SOURCE RECORDS: Begin
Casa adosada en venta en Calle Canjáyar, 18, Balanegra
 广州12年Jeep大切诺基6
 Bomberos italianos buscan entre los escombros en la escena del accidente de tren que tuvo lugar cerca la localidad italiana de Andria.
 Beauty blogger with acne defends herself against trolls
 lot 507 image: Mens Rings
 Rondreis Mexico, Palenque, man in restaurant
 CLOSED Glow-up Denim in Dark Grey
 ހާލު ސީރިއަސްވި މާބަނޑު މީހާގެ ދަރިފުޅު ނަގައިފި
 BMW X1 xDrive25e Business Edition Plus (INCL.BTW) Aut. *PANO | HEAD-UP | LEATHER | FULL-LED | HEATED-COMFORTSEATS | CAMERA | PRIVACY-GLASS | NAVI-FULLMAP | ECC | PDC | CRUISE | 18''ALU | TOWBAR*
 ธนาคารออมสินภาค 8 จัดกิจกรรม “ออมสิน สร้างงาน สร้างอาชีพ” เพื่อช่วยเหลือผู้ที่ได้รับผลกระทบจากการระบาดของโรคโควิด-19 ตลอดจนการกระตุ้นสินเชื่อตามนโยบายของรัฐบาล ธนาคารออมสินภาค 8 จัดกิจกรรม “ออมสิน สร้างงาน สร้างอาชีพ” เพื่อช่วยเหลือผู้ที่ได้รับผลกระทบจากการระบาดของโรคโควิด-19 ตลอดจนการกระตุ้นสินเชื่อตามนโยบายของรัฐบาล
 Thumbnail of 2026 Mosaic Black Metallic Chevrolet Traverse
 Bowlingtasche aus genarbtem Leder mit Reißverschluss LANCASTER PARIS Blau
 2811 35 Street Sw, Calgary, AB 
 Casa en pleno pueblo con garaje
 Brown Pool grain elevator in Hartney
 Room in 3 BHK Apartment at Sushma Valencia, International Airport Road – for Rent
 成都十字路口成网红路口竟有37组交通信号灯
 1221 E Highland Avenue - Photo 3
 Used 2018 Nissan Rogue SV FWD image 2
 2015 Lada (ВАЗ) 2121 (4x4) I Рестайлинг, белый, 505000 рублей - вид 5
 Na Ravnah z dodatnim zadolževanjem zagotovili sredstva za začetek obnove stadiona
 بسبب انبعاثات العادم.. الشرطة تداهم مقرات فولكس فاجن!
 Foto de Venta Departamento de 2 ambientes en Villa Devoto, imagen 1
SOURCE RECORDS: End
→ **WHAT THIS TASK INVOLVES**
Starting with the line with "Bomberos italianos buscan" above and going on through the line with "ހާލު ސީރިއަސްވި މާބަނޑު", transcribe every line exactly, both ends included, and add nothing.

→ **RESULT OF THIS TASK**
 Bomberos italianos buscan entre los escombros en la escena del accidente de tren que tuvo lugar cerca la localidad italiana de Andria.
 Beauty blogger with acne defends herself against trolls
 lot 507 image: Mens Rings
 Rondreis Mexico, Palenque, man in restaurant
 CLOSED Glow-up Denim in Dark Grey
 ހާލު ސީރިއަސްވި މާބަނޑު މީހާގެ ދަރިފުޅު ނަގައިފި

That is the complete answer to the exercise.